- [Material for this exercise]:
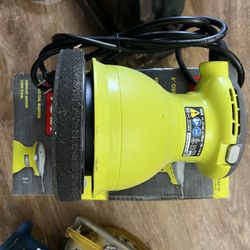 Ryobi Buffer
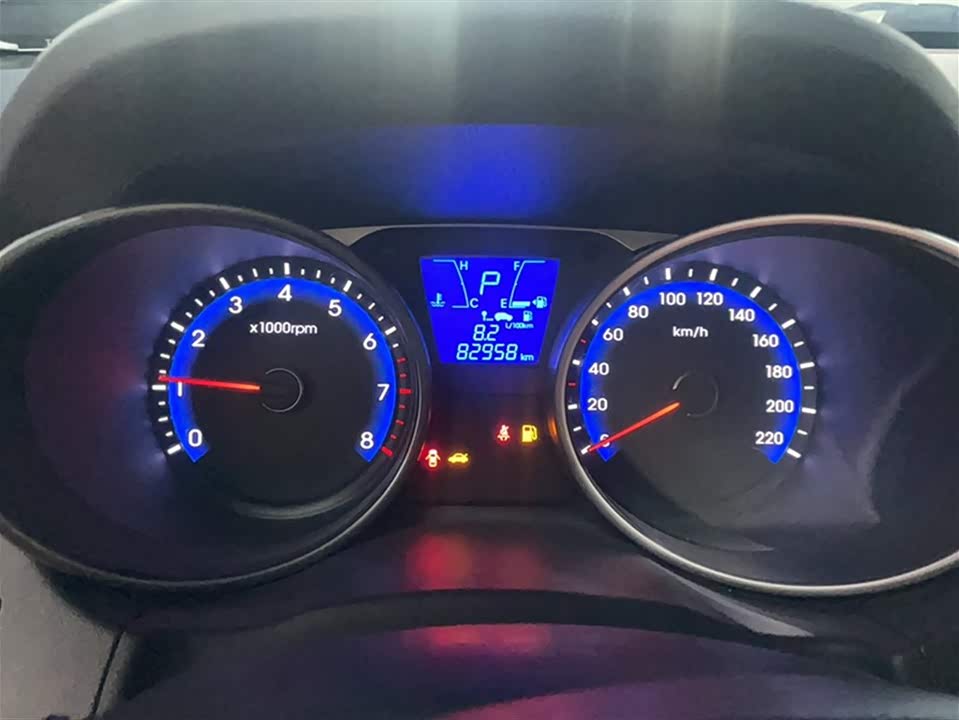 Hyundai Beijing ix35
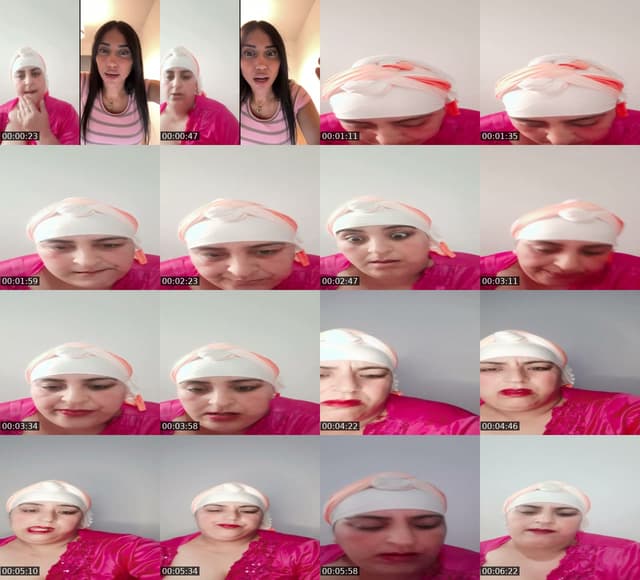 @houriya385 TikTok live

...

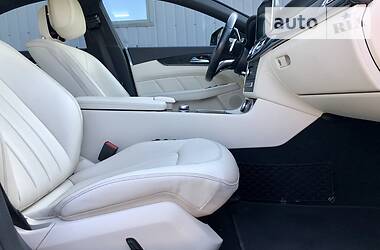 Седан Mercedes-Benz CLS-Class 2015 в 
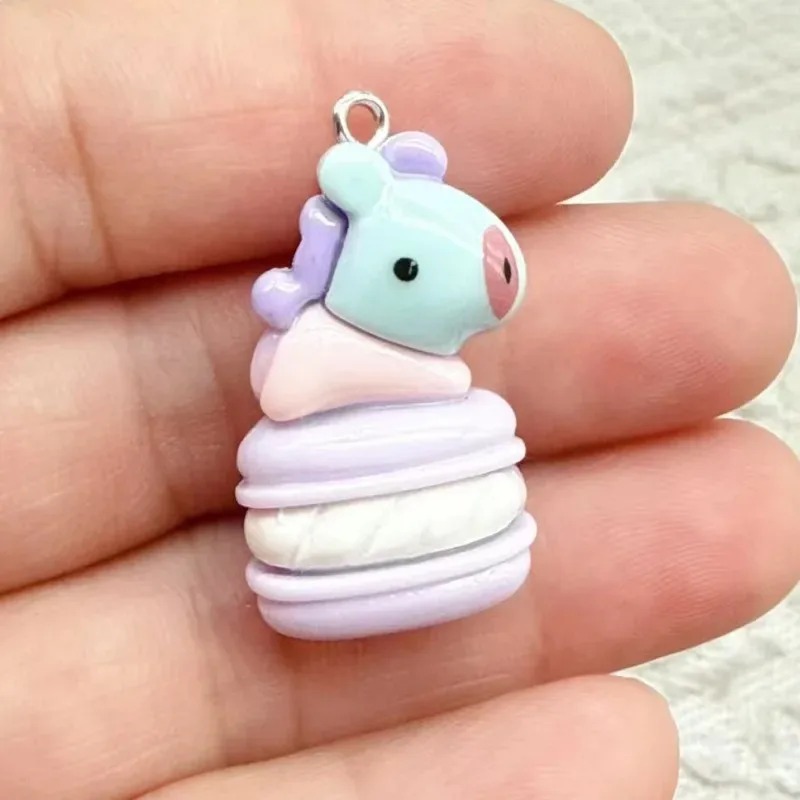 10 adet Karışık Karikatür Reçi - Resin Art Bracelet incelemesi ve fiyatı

---

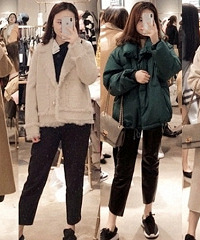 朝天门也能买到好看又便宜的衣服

- [Problem to solve]:
Write out, word for word, the stretch of entries that begins at the line with "Седан Mercedes-Benz CLS-Class 2015 в" and ends at the line with "10 adet Karışık". Pictures do not belong in it.

- [Task response]:
 Седан Mercedes-Benz CLS-Class 2015 в 
 10 adet Karışık Karikatür Reçi - Resin Art Bracelet incelemesi ve fiyatı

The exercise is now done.